The Notice of Assessment will tell you when payment is due …

And you can expect that to be around 2 to 3 weeks after the day the Notice of Assessment is issued.

So what’s the difference if you use an Accountant?

Well most people will be granted an extension all the way to 15 May of the following year (so to confirm, that is almost an entire 11 months after the tax year ended).

The time frames for the issuing of your Notice of Assessment is quoted as being the same, being 2 weeks from the date of lodgement, though in practice the chances of a hiccup are greatly reduced, and actual turnaround time at the ATO tends to be faster based on anecdotal evidence.

There are also some earlier due dates for individuals with large incomes and / or large tax bills, but they are still all well after 31 October which would apply if they attempted their returns themselves. The primary one being 31 March, so if you usually pay a lot of tax at tax time, this probably applies to you.

The due date for payment (if you have to make one) depends on when you lodged.

The earliest payment could be due when lodging through an accountant is as follows –

  • If you lodged prior to or on the 12th of February, payment is due by 21 March.
  • If you lodged between 13 February to 12 March inclusive, payment is due 21 April.
  • If you lodged on 13 March or thereafter, payment is due on 5 June!

As suggested, these are the earliest possible payment due dates, actual due dates will be shown on your Notice of Assessment and could be later. For example with 2014 income tax returns lodged on 15 May, payment wasn’t due until 19 June!!

Now you might ask, why would anyone lodge early if they have to pay early. Good question.

Well aside from the incentive to just get it out of the way which is relevant to lots of people. Many also have other entities which are due earlier, so it just makes sense to get it all done at the same time.

Even if neither of those incentives convince you to lodge earlier than absolutely necessary, I am afraid I have a little bad news. It simply isn’t possible for an accountant to keep all of their client’s returns back until the last minute. Nor are they actually allowed to hold off lodgement for all their returns until the last day.

Accountants are obligated to lodge consistently throughout the year.
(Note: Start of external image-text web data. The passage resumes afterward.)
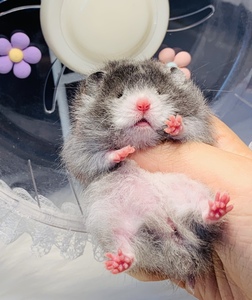 黑波利仓鼠波利纹熊金丝熊活鼠卷毛熊长毛熊高端精品熊包邮包活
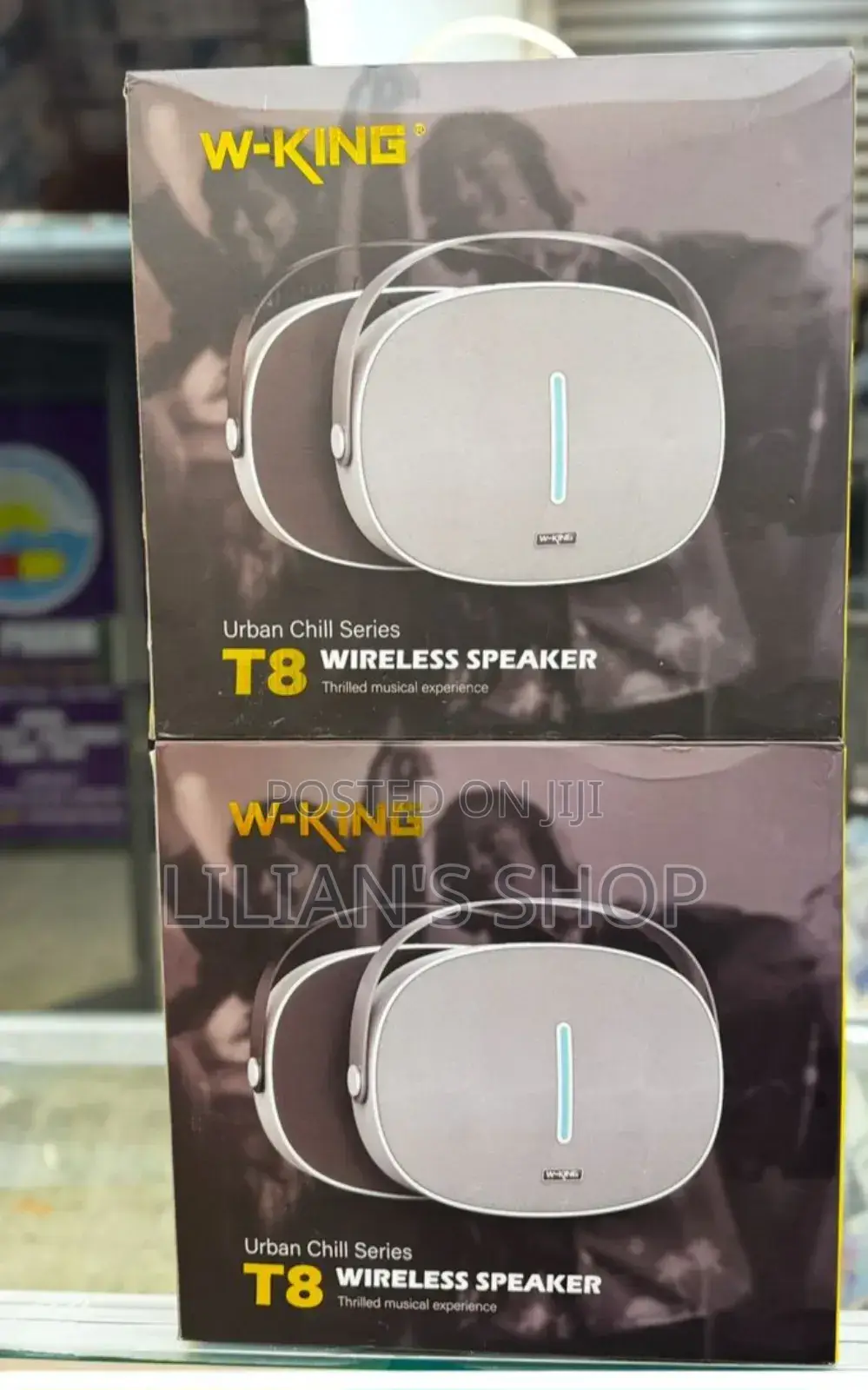 W-King T8 Wireless Speaker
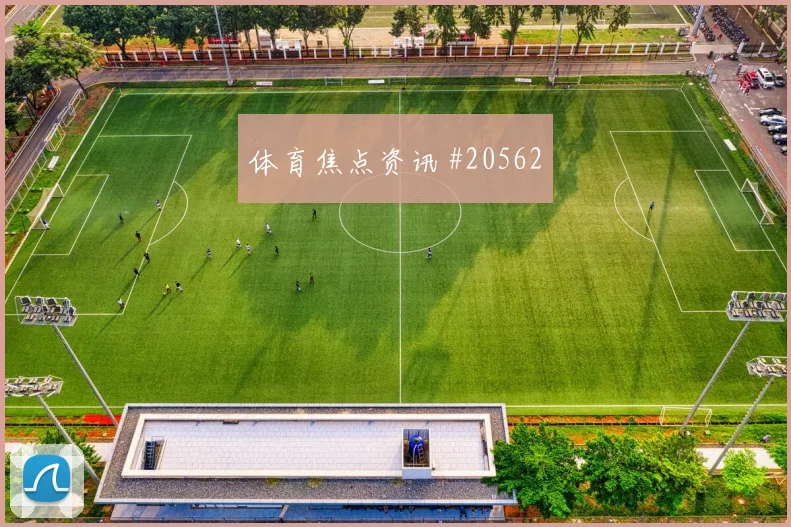 加拿大面对瑞士高强度对抗时对抗强度保持可能影响下半场调整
So while they may be able to accommodate some clients here and there with allowing things to drift, they do need some clients to work with them and allow some lodgements to occur regularly throughout the year to avoid intervention from the ATO.

Also, on the topic of 5 June, even though your return may be due 15 May, if you lodge by 5 June, AND you pay any tax you owe by that date (regardless of whether a notice of assessment has been sent to you or not) then the ATO will consider your return lodged on time, even though it wasn’t!

As mentioned, if you have a business utilising other entities, as is usually the case, or you have investment entities, we have further videos covering when those returns are due.

We also have a video discussing what happens when you have outstanding prior year returns.

So check them out …

Bye for now!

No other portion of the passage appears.